Stored entries:
"""

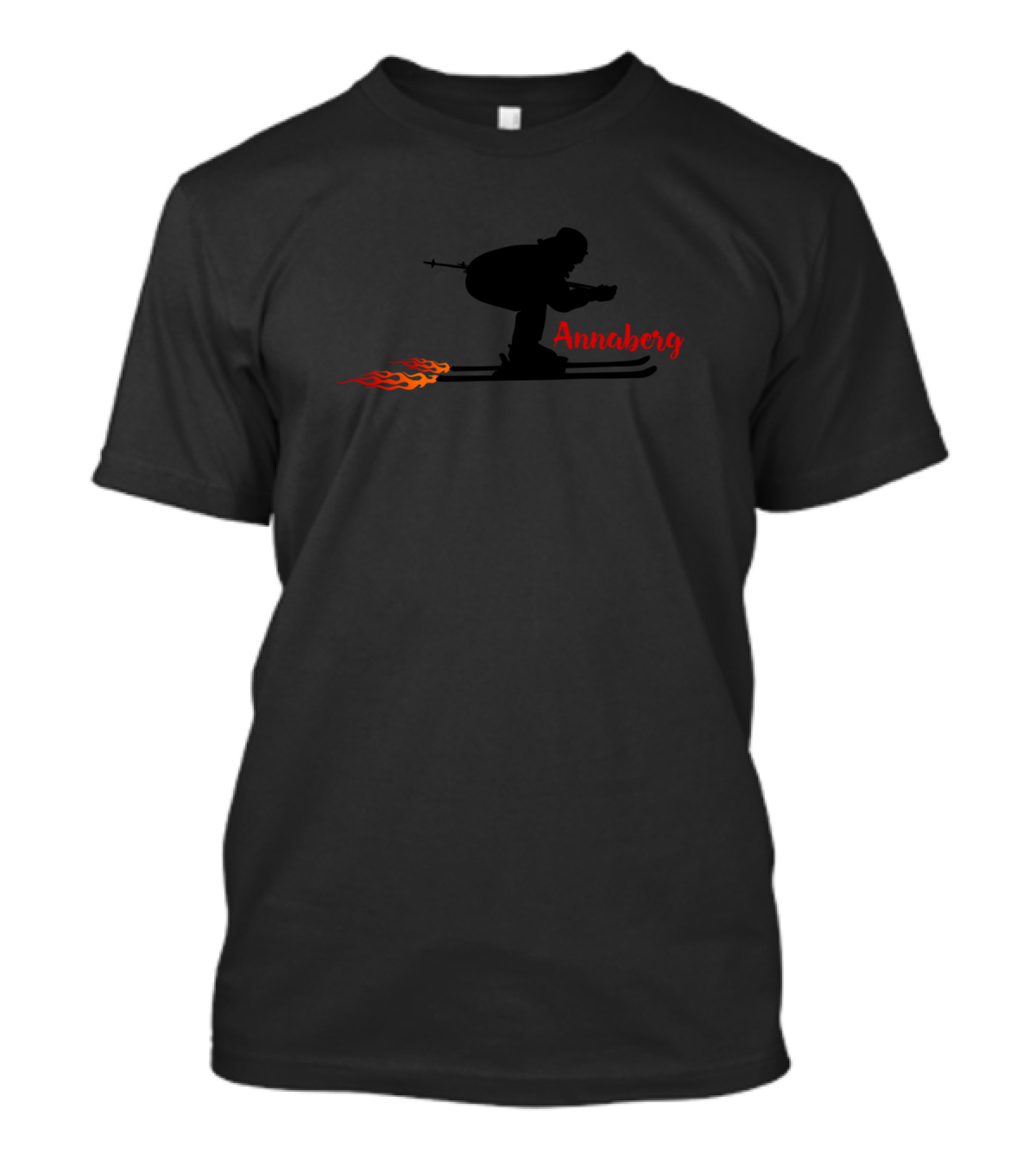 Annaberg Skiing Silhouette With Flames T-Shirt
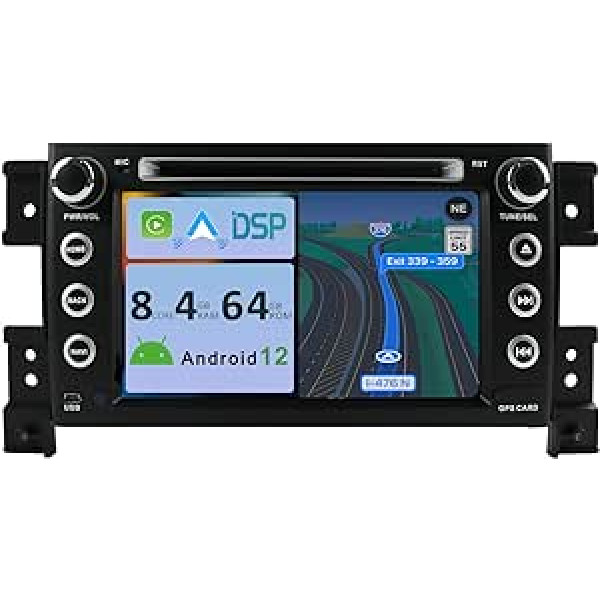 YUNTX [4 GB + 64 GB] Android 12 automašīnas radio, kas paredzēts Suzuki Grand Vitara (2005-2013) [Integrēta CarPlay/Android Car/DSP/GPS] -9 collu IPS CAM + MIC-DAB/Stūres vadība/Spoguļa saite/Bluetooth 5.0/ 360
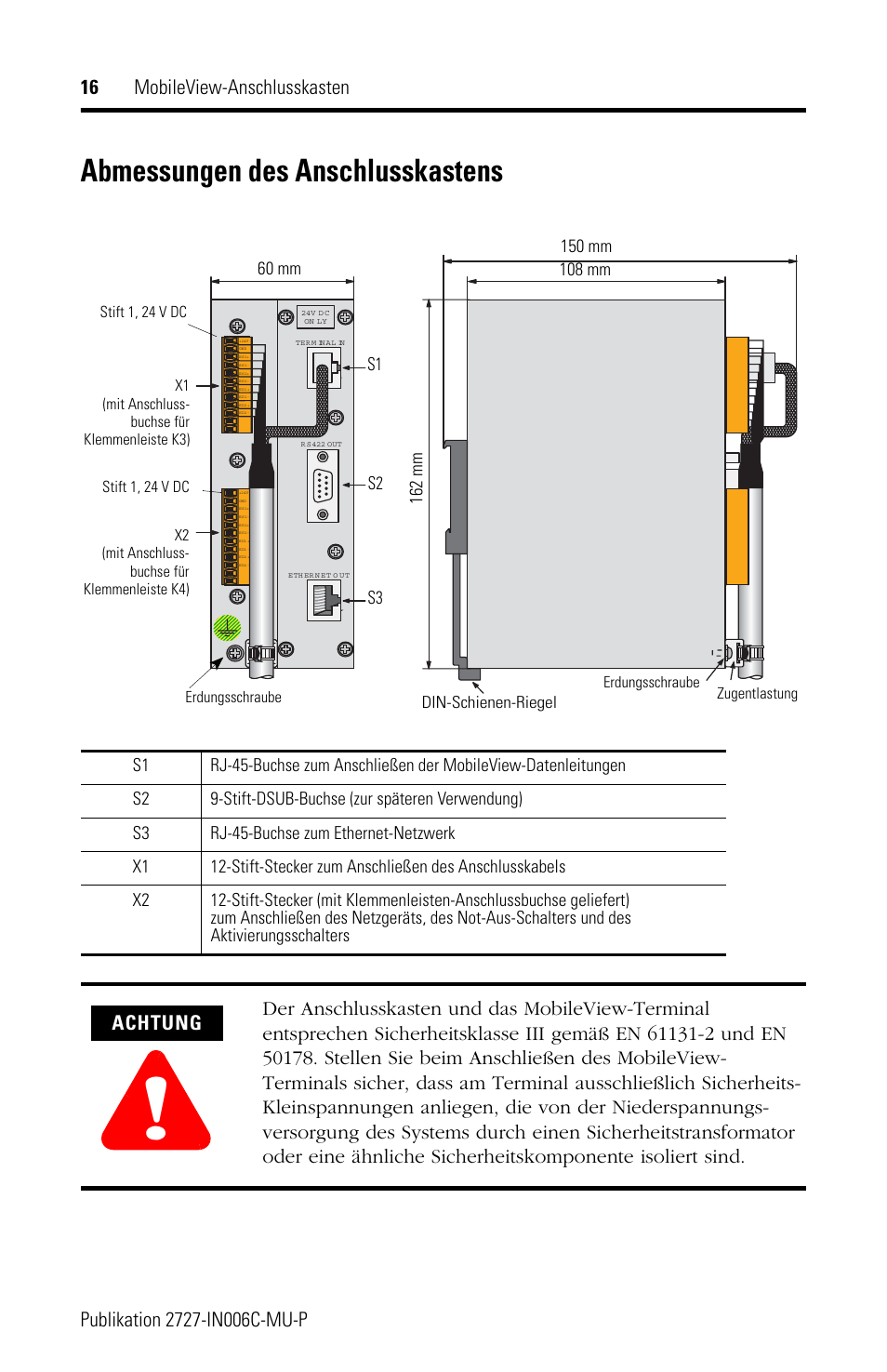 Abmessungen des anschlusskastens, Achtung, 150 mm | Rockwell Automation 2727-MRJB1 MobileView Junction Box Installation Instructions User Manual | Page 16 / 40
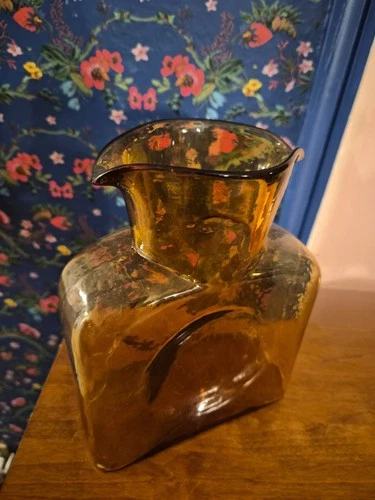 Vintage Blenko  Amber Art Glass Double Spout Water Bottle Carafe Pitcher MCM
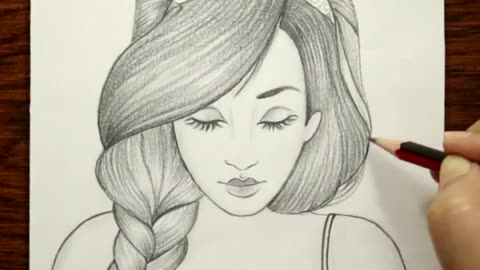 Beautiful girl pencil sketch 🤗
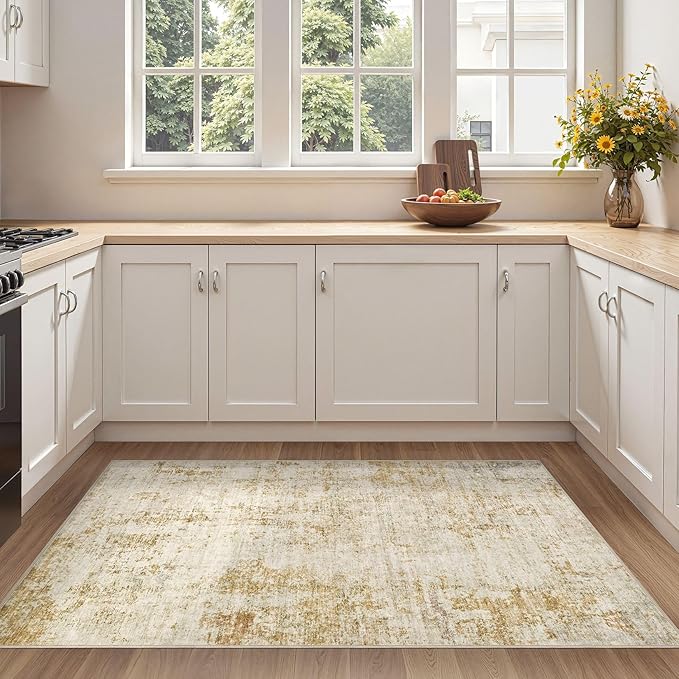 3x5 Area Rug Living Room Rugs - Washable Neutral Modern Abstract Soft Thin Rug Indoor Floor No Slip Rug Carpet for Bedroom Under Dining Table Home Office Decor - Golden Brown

"""
"""

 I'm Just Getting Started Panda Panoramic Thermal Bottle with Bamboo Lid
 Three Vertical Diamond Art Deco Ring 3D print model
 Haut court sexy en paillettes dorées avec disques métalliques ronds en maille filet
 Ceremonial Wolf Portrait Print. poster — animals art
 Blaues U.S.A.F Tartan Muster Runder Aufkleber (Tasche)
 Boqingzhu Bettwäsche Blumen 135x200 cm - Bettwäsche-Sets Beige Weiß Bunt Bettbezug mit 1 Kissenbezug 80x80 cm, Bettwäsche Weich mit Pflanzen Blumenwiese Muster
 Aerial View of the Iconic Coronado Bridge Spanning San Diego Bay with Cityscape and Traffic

"""

**What is needed**:
Total lines with "Muster" in the records above: report that figure alone.

**Written answer**:
2